%%

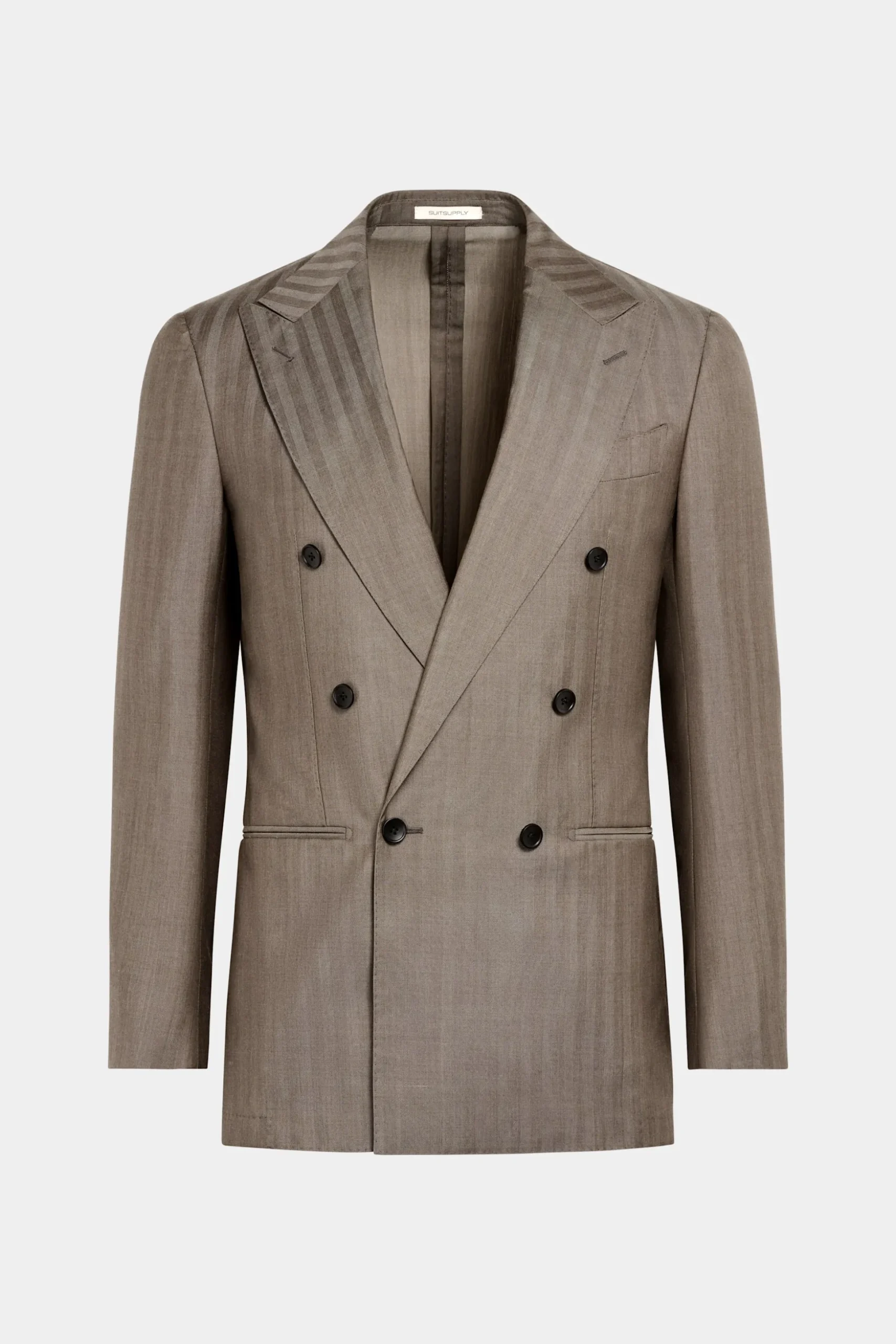 SUITSUPPLY Havana Anzug Taupe Fischgrätmuster-Männlich Business Anzüge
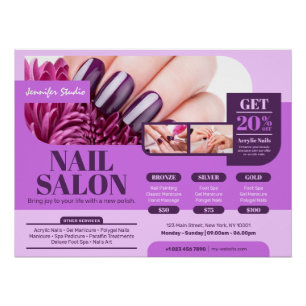 Paarse nagelsalon, make-upkunstenaar Glossy Poster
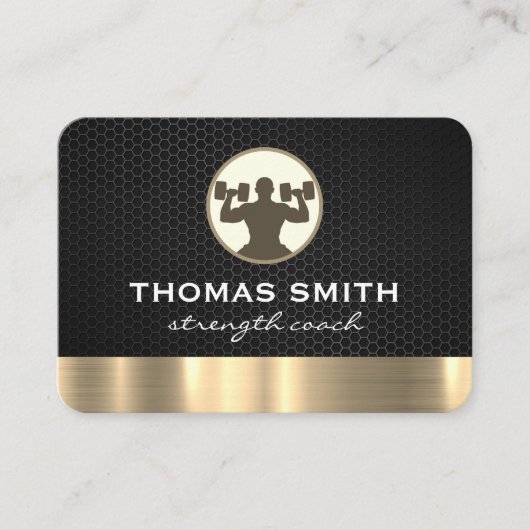 Personal Trainer Metallic Gold Trim | Fitness Visitenkarte (Vorderseite)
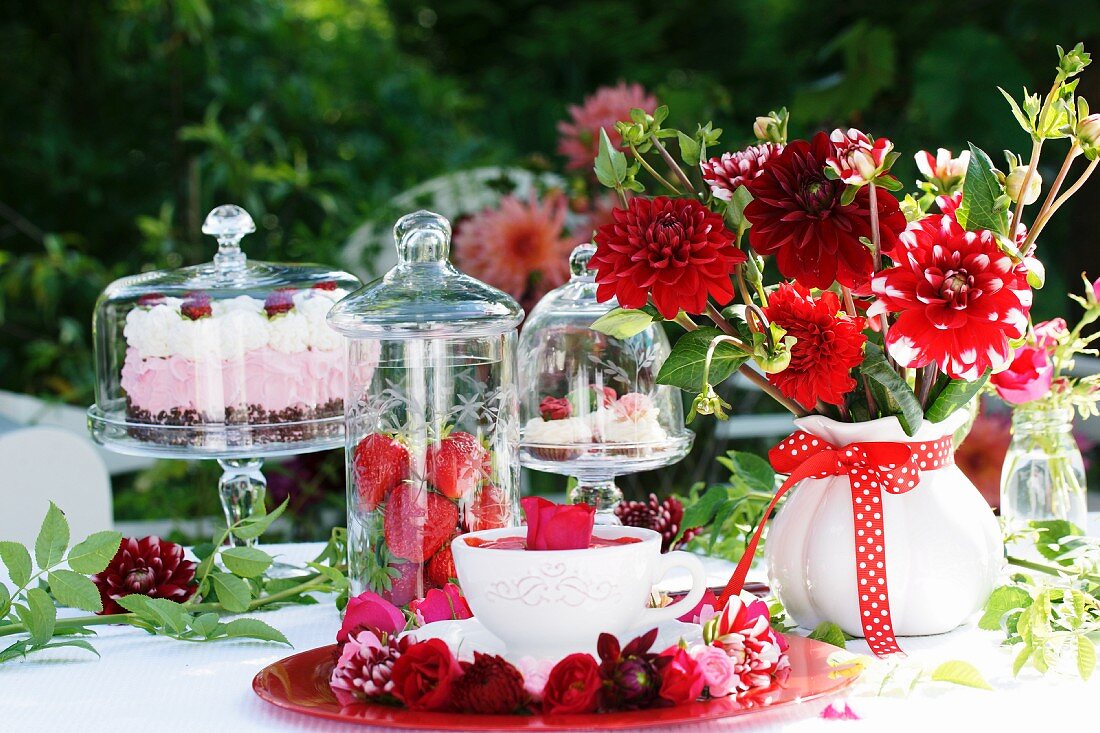 A celebratory buffet decorated in red and white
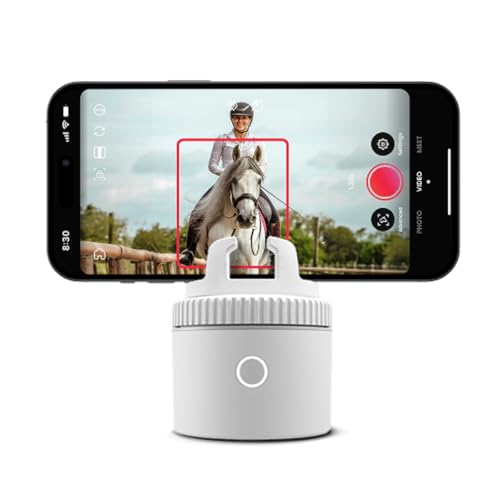 Image of Pivo Equestrian Pod Standalone Auto Tracking Phone Holder, Face, Body & Horse Tracker, 360 Rotation, 6 Speed, Stand for Video Recording (White)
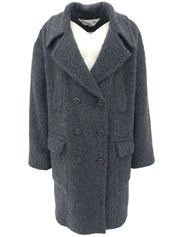 Grey wool logo button long coat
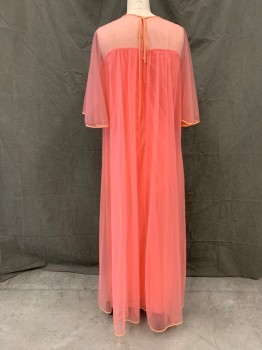 N/L, Coral Pink, Polyester, Solid, Sheer Top, Sheer Flutter Sleeve, Silk Piping, Sheer Overlay Gathered at Yoke, Two Ties at Yoke, Zip Back with Faux Tie Keyhole, Floor Length Hem,  *Hole Near Hem, Hole at Neck*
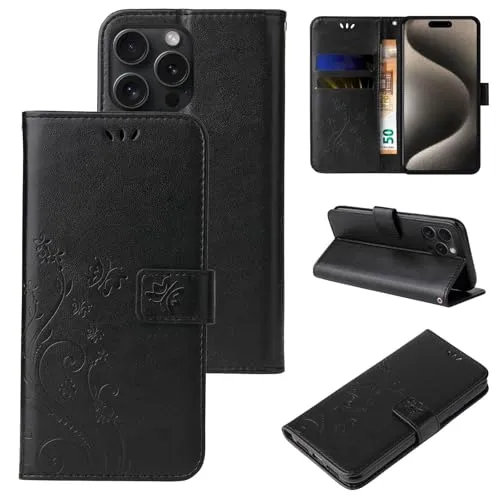 LBH Handy Hülle für Apple iPhone 16 Pro Max Case Handytasche Schmetterling Blumen Flower Standfunktion Schutzhülle Magnet Rundum Schutz 360 Grad Flipcase Cover Schwarz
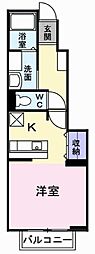 エスターブレA棟 ワンルームの間取図画像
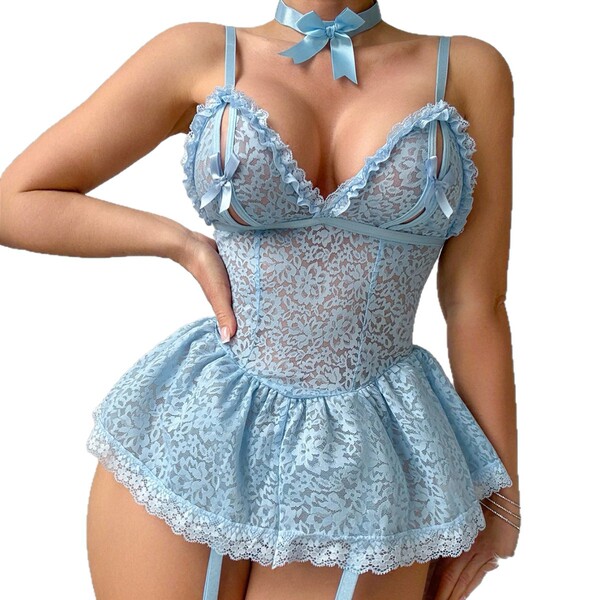 Sheer blue lace lingerie set with matching fishnet stockings and bow choker – pure allure european-style sensual underwear.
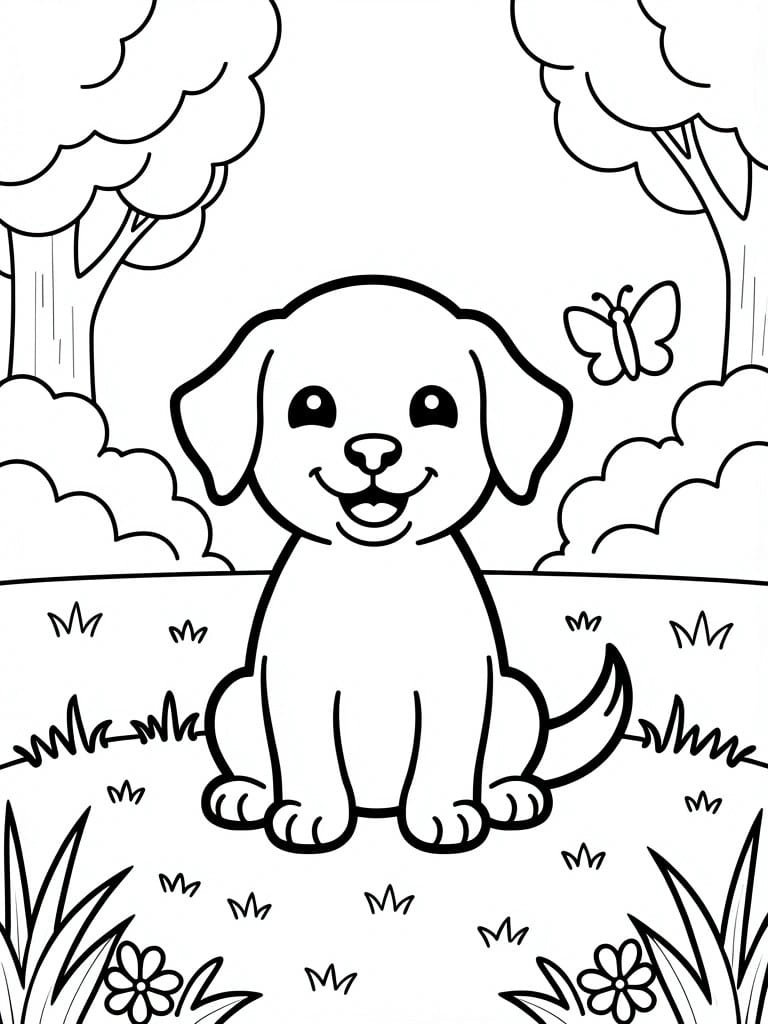 Line drawing of a sitting puppy surrounded by trees, bushes, grass, flowers, and a butterfly in a forest clearing.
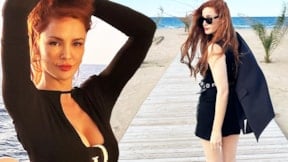 Mine Tugay mini deri elbisesiyle kumsalda şov yaptı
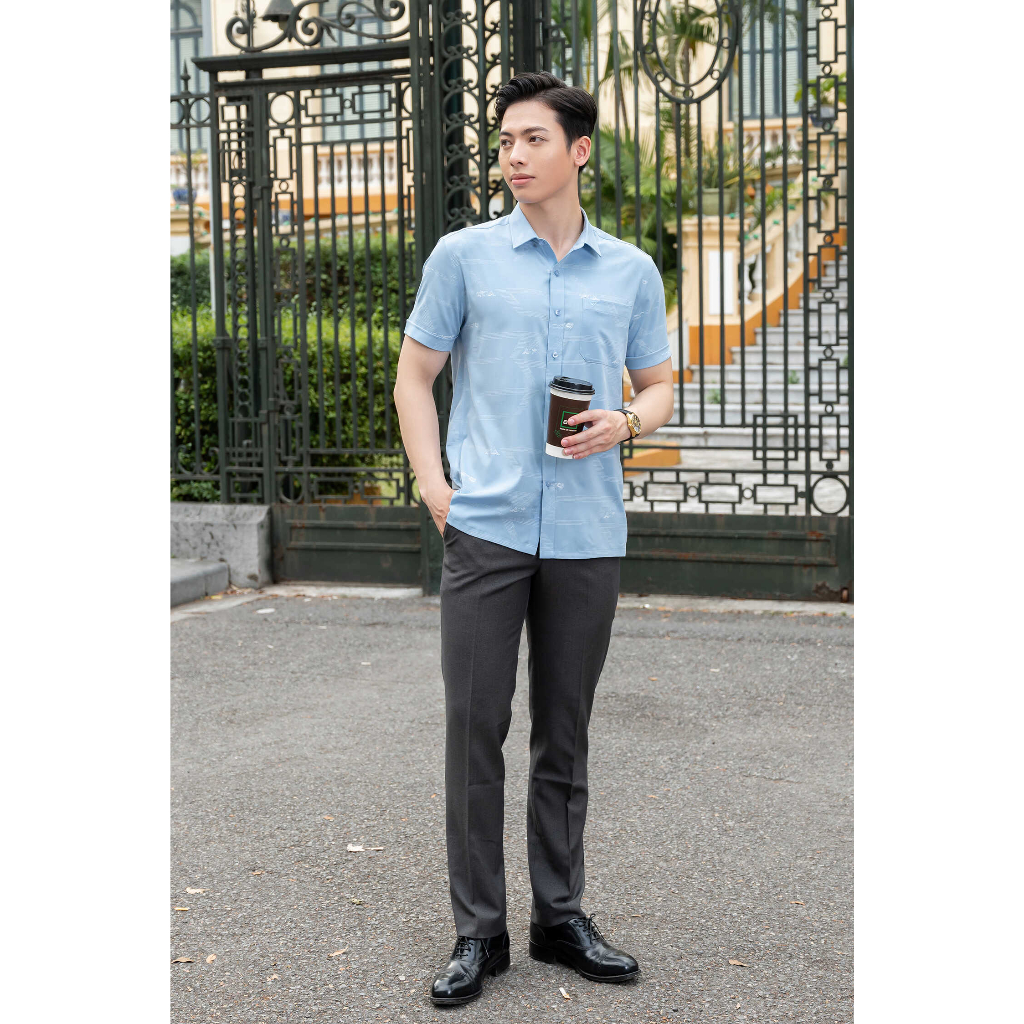 Áo Sơ Mi Ngắn Tay Vải Tre Dáng Ôm Vạt Bằng ASB7695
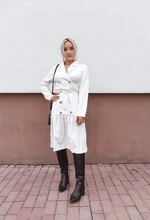 Dress Women Pleated-Belt Patchwork-Bottom Simplee Long-Sleeve Midi Notched Vintage Autumn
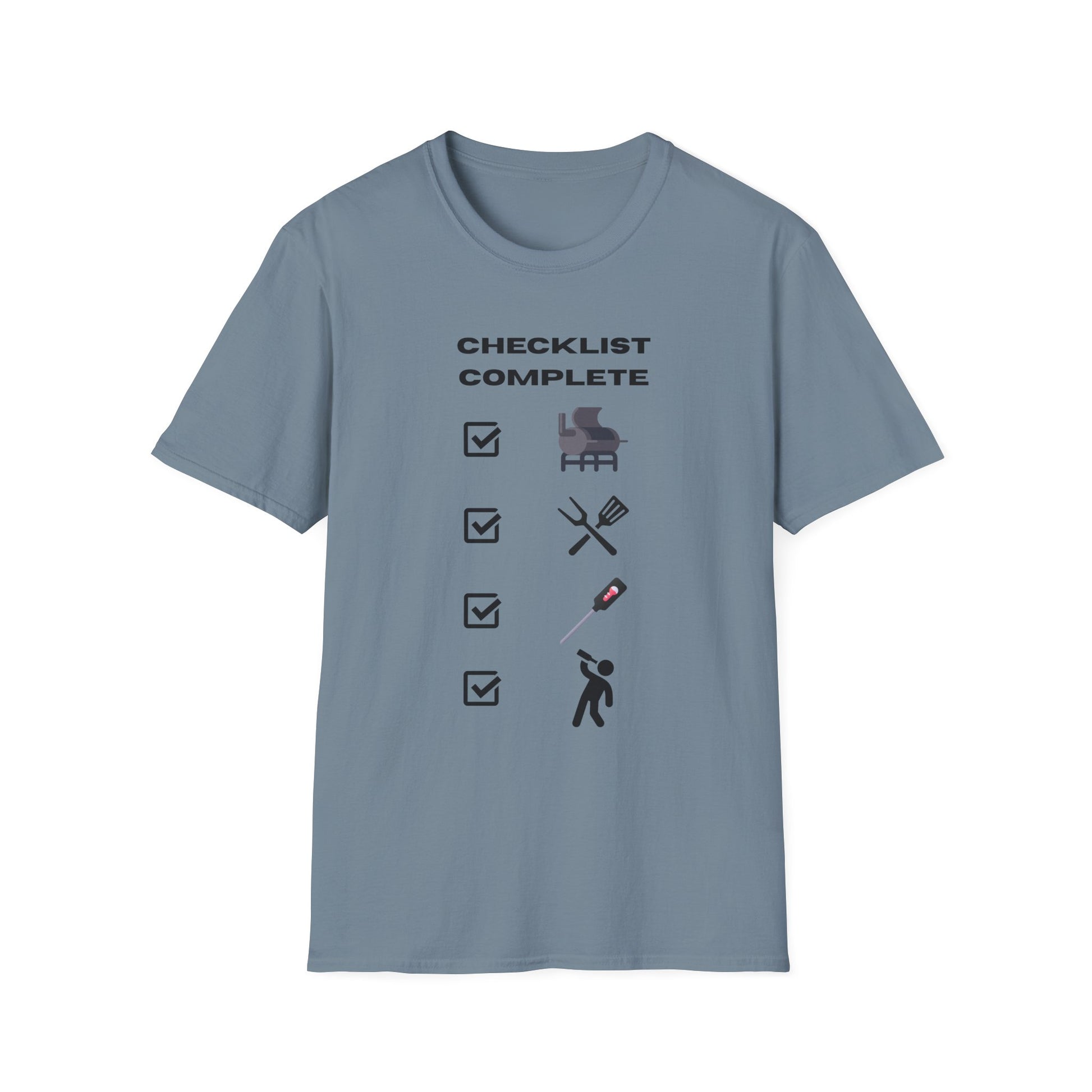 Checklist Complete™ Smoker Dad Edition – Funny Weekend Grilling T-Shirt for Backyard Kings.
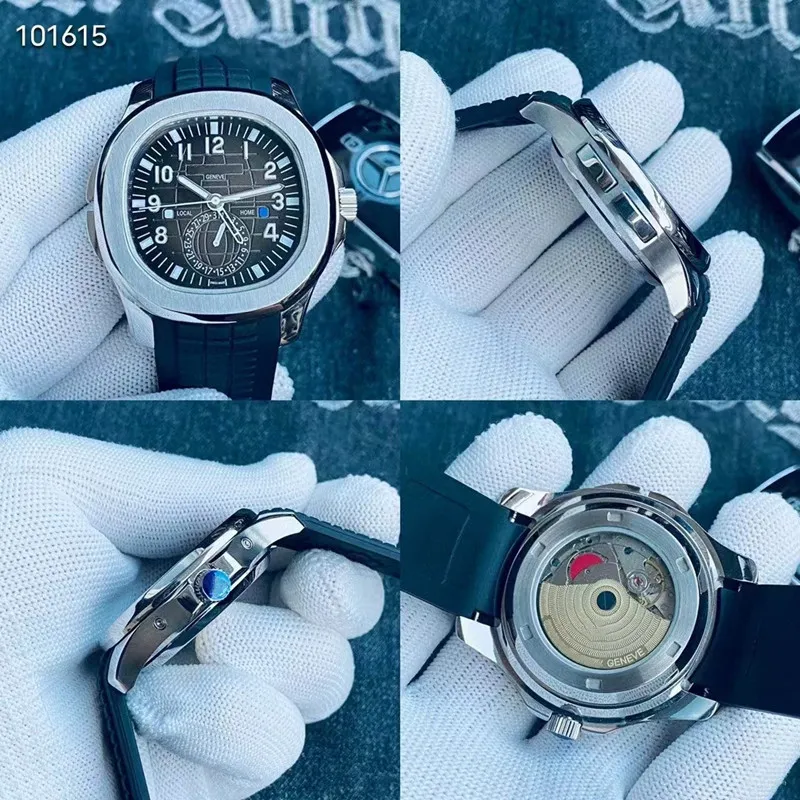 Automatic mechanical watch 40mm stainless steel rubber strap wristwatch mineral crystal glass PATE top luxury brand wristwatch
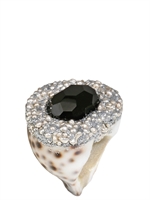 MESI JILLY - COWRIE SHELL W ONYX, SANTORINI RING - SILVER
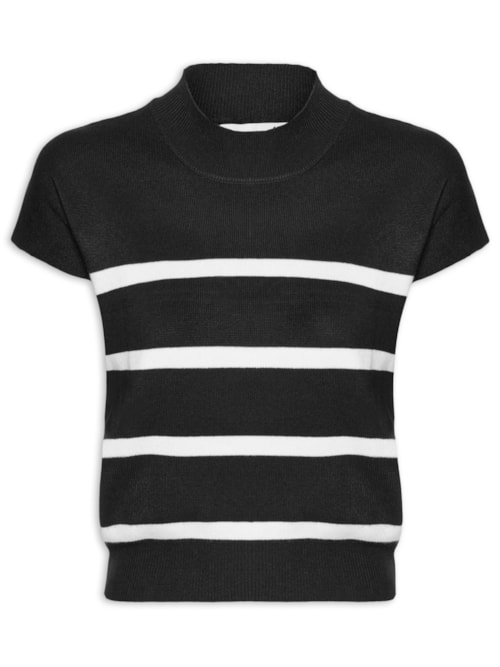 Blusa Feminina Manga Japonesa Em Tricot - Preto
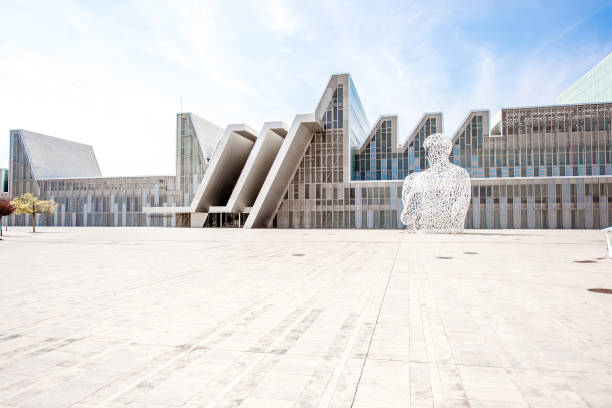 Saragoza, Spain - August 21, 2017: View on the sculpture Alma del Ebro and pavilion building of international exposition held in 2008 in Zaragoza, Spain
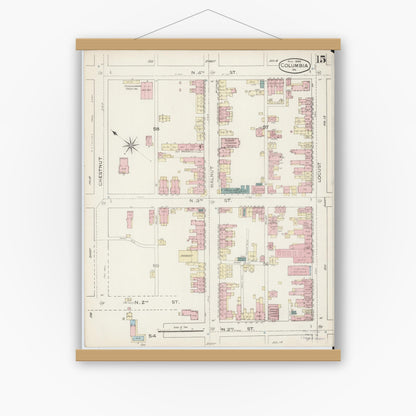 Old map wall art mockup — magnetic wood frame on white wall — Sanborn Fire Insurance Map from Columbia, Lancaster County, Pennsylvania (1886), Sheet #0015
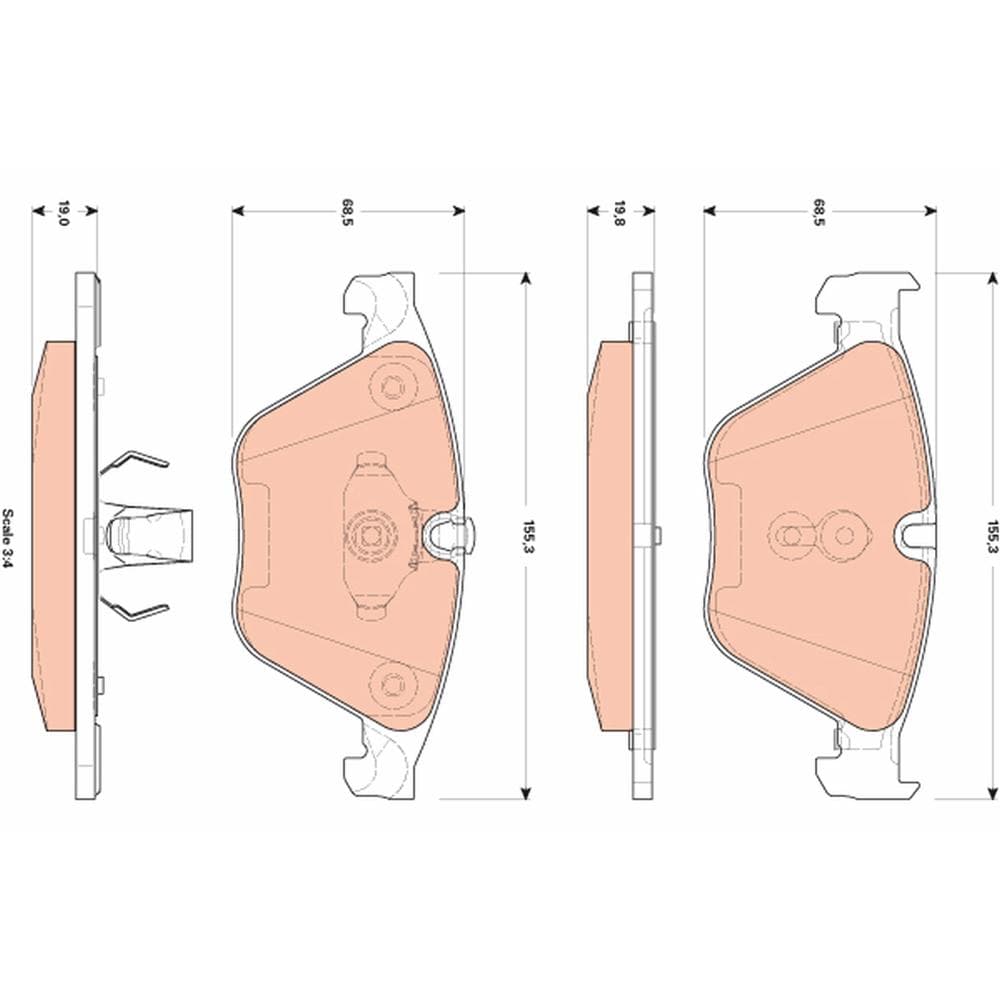 Set placute frana disc TRW GDB1854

%%

# WHAT THE TASK REQUIRES
Pictures stay out; reproduce exactly the lines from the one containing "Automatic mechanical watch" through the last line of the listing, both included.

# SOLUTION TO THE PROBLEM
 Automatic mechanical watch 40mm stainless steel rubber strap wristwatch mineral crystal glass PATE top luxury brand wristwatch
 MESI JILLY - COWRIE SHELL W ONYX, SANTORINI RING - SILVER
 Blusa Feminina Manga Japonesa Em Tricot - Preto
 Saragoza, Spain - August 21, 2017: View on the sculpture Alma del Ebro and pavilion building of international exposition held in 2008 in Zaragoza, Spain
 Old map wall art mockup — magnetic wood frame on white wall — Sanborn Fire Insurance Map from Columbia, Lancaster County, Pennsylvania (1886), Sheet #0015
 Set placute frana disc TRW GDB1854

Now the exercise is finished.